## WORK ORDER
Would you please repeat all of the data exactly, omitting the pictures?

## THE DATA
****
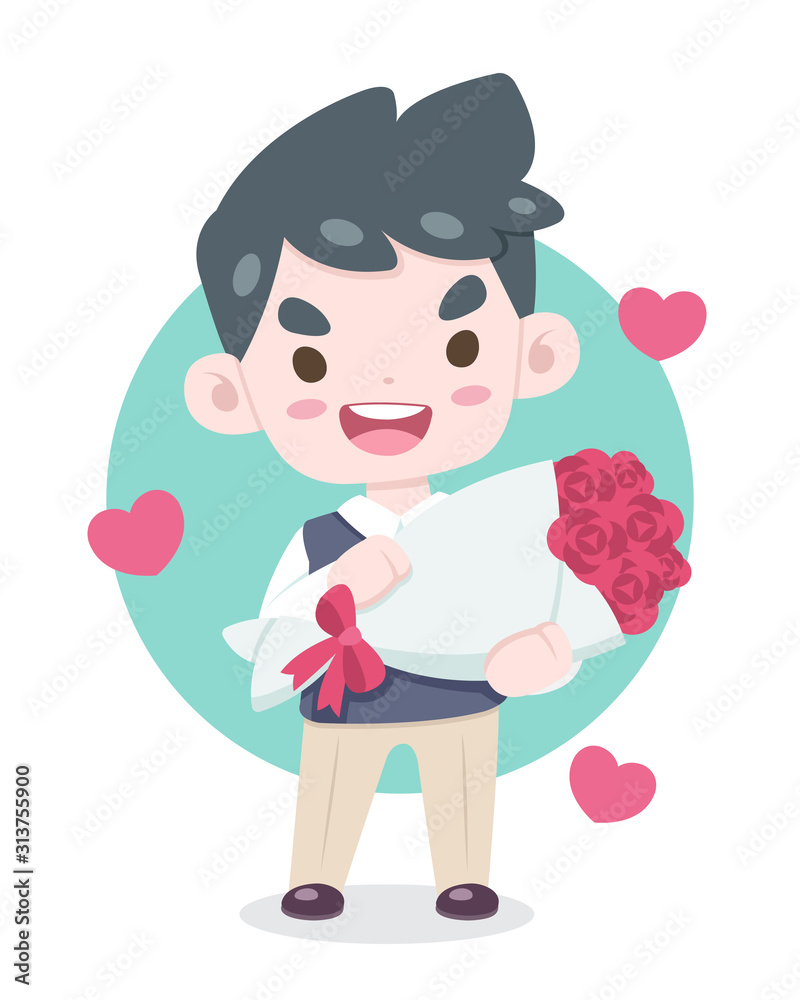 Valentines Day, Cute style in love blushing guy holding roses bouquet cartoon illustration. hearts floating around him  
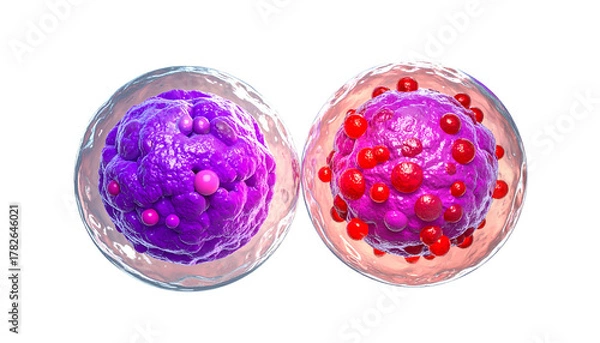 Obraz Two microscopic cell diagrams, one purple, the other pink with red inclusions
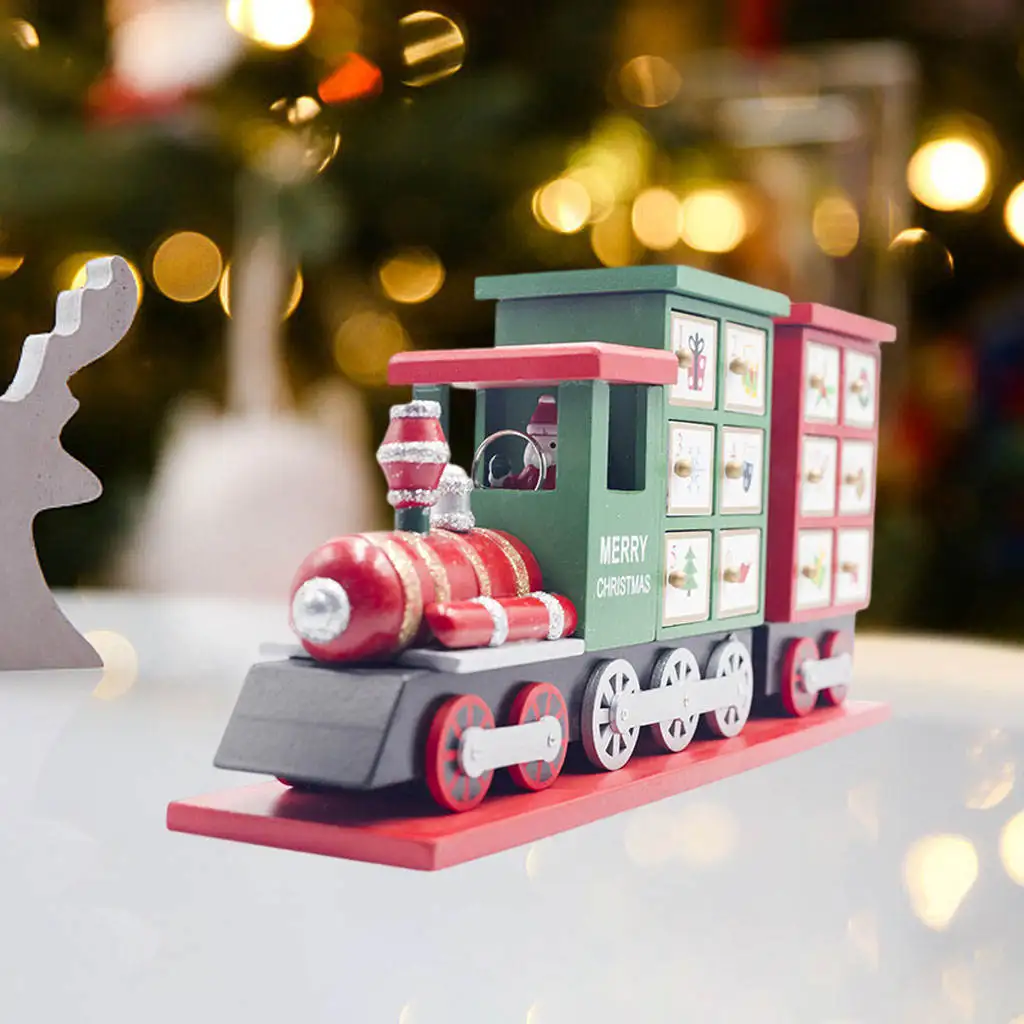 Haptian Countdown Calendar Train Wooden Christmas Advent Painted Candy Storage Home Table Decoration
****
## REPLY
 Valentines Day, Cute style in love blushing guy holding roses bouquet cartoon illustration. hearts floating around him  
 Obraz Two microscopic cell diagrams, one purple, the other pink with red inclusions
 Haptian Countdown Calendar Train Wooden Christmas Advent Painted Candy Storage Home Table Decoration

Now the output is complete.